Intermediate-Task Transfer Learning with Pretrained Models for Natural Language Understanding: When and Why Does It Work?

Yada Pruksachatkun, Jason Phang, Haokun Liu, Phu Mon Htut, Xiaoyi Zhang, Richard Yuanzhe Pang, Clara Vania, Katharina Kann, Samuel R. Bowman

This is my second blog post. I intend to make these posts more frequently now as I’ve done the post-vaccination family visits I wanted to make. I saw a thread from NLP Twitter icon Yoav Goldberg a few days ago about it being a bad time to get into ML, and presumably by extension, NLP research. I think this paper gives some ideas of why this is the case. In the post-generative-pre-training (GPT) age of NLP, there’s an exceeding amount of focus on these models. In the fall/winter of 2018, there was a flurry of hype around these models, and the hype has perhaps, started to die down. I should take this time to plug some research that sought a different path at around the same time as GPT mania swept in. Harvard NLP put out this tutorial on latent variable models that was a stark, and novel contrast to seemingly everything else coming out at the time.

Now, getting back to the GPT hype. At present, there still exists tons of questions around why and how GPT works. My previous post explored a paper that delved into the how in a good level of detail, the main finding that there was poor semantic encoding as shown through probing tasks. This paper exists as an exhaustive search of approaches around transfer learning and probing tasks to brute force an answer to how and why these models perform the way they do. More specifically, the paper focuses on answering the following:

• What kind of tasks tend to make good intermediate tasks across a wide variety of target tasks?

• Which linguistic skills does a model learn from intermediate-task training?

• Which skills learned from intermediate tasks help the model succeed on which target tasks?
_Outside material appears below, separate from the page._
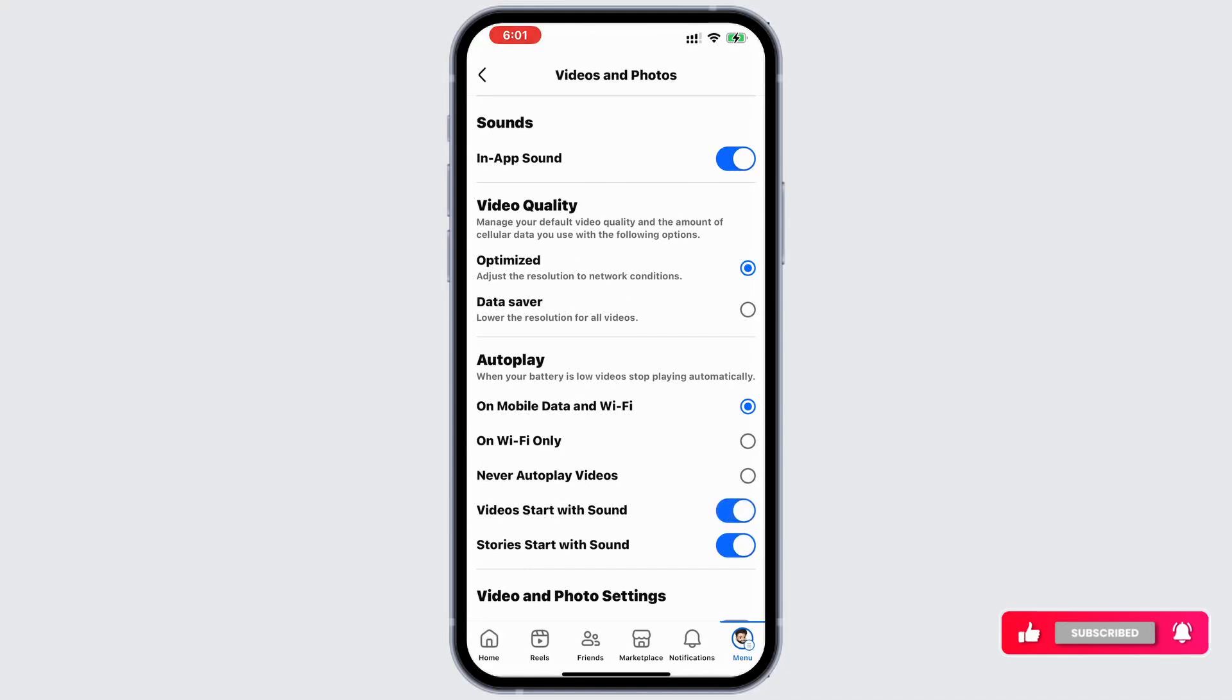If there's still no sound, check that your device volume is turned up and not muted. Sometimes, the simplest fix is the best one.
An intermediate task is a task meant to fine-tune the parameters of the model. For instance, one might imagine using an intermediate task of broader QA before tackling a more specific QA dataset; a transfer learning experience if you will. After learning this intermediate task, the model is then fine-tuned on and applied to a target task. You can imagine 2 intermediate tasks and a single target task and being able to answer which intermediate task was more helpful. This paper expands this to 11 intermediate tasks and 10 target tasks. A final step is taken with a probing task akin to the previous paper, used to answer what exactly was learned that contributed to performance on the target task.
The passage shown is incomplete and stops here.